ISBN: 978-1641297202
400 pages
This wry, big-hearted noir brings 1950s New York to life, from the tenements of Hell’s Kitchen to the mansions of Riverdale, from Sing Sing to City Hall, with a gripping murder mystery laying bare the explosive conflicts between its big wheels, its working stiffs, its gangsters, and its dreamers.
July 1950: Mick Mulligan has just hung out his shingle as a private investigator in New York’s sweaty Hell’s Kitchen. A former Hollywood cartoonist who was blacklisted during a communist witch hunt, Mick is broke, divorced, and in need of a paying gig to make his child support payments. But maybe not this gig. First off, it’s impossible. Worse, it’s liable to get him killed.
Last year, universally reviled cab company owner Irwin Johnson was murdered. One of his drivers, an African American Communist Party member named Harold Williams, was arrested, tried, and found guilty, despite scant evidence. Now his execution date is two weeks away.
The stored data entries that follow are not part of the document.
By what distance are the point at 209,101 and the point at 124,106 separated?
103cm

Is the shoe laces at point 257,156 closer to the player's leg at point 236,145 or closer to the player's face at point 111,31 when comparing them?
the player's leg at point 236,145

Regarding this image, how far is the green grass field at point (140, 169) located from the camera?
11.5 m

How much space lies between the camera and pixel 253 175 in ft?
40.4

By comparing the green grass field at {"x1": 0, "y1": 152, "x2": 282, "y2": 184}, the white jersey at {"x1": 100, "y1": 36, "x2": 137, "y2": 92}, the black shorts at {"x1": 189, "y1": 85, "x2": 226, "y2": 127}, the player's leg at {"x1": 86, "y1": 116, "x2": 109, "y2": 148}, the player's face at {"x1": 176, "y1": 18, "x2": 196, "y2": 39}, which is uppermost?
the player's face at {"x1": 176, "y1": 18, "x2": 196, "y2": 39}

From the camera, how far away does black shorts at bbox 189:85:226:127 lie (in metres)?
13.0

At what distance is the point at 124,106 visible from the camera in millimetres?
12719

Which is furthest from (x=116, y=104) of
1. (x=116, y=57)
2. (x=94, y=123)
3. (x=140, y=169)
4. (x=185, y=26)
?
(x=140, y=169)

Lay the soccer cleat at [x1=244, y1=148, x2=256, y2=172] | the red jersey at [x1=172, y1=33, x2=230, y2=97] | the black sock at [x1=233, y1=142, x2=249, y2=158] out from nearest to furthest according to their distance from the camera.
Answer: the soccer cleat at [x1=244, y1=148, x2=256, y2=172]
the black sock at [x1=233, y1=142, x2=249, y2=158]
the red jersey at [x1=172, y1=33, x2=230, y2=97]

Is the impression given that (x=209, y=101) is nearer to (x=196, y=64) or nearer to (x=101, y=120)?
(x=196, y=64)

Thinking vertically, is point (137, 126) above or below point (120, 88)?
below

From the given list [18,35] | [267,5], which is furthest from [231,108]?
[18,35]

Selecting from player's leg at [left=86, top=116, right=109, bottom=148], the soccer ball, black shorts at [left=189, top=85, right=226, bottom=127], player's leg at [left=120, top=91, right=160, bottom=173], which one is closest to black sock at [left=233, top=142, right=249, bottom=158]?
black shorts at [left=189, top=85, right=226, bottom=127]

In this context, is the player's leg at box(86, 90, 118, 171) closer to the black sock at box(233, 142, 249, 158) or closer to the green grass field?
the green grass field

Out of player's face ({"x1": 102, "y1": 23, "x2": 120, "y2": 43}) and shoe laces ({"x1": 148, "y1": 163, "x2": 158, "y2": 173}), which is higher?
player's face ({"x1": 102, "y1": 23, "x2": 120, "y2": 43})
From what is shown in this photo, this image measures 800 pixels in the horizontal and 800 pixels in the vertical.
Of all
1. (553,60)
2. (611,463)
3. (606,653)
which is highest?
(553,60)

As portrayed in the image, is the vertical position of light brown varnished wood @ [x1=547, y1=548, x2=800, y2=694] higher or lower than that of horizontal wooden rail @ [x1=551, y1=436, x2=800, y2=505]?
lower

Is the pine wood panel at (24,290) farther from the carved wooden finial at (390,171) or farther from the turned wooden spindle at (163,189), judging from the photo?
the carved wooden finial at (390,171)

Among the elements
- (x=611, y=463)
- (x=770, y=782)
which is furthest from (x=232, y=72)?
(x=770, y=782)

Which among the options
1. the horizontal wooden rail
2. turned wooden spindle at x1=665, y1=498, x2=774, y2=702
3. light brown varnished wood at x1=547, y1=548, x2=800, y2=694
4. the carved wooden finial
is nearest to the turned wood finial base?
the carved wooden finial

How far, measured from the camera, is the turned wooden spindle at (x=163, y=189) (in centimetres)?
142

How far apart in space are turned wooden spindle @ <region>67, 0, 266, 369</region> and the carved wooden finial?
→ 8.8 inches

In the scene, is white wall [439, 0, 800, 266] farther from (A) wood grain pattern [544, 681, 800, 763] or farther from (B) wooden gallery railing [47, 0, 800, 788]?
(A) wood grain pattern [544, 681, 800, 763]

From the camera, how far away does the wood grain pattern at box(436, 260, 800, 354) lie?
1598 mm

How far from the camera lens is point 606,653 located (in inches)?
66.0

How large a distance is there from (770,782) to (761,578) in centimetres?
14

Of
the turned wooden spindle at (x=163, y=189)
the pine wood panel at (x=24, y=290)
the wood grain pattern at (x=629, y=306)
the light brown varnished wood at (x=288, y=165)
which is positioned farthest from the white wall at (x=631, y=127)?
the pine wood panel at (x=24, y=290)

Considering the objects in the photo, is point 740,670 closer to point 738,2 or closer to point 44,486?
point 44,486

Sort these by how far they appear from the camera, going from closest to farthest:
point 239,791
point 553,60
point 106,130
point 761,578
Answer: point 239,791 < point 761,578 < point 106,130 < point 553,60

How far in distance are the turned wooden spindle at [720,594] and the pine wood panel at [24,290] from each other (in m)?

New York City labor leader Duke Rogowski asks Mick to find fresh evidence that might buy Harold a stay of execution.
Lots of people might have wanted Irwin Johnson dead—anyone from his betrayed wife to his jilted mistresses’ jealous husbands to the mafiosi he was stealing business from. But no one has any reason to help Mick exonerate Harold Williams, and some of Irwin’s former associates are happy to take a blunt object to the head of anyone asking awkward questions. Yet Mick can’t abandon a potentially innocent man to the electric chair. Can he pull off a miracle?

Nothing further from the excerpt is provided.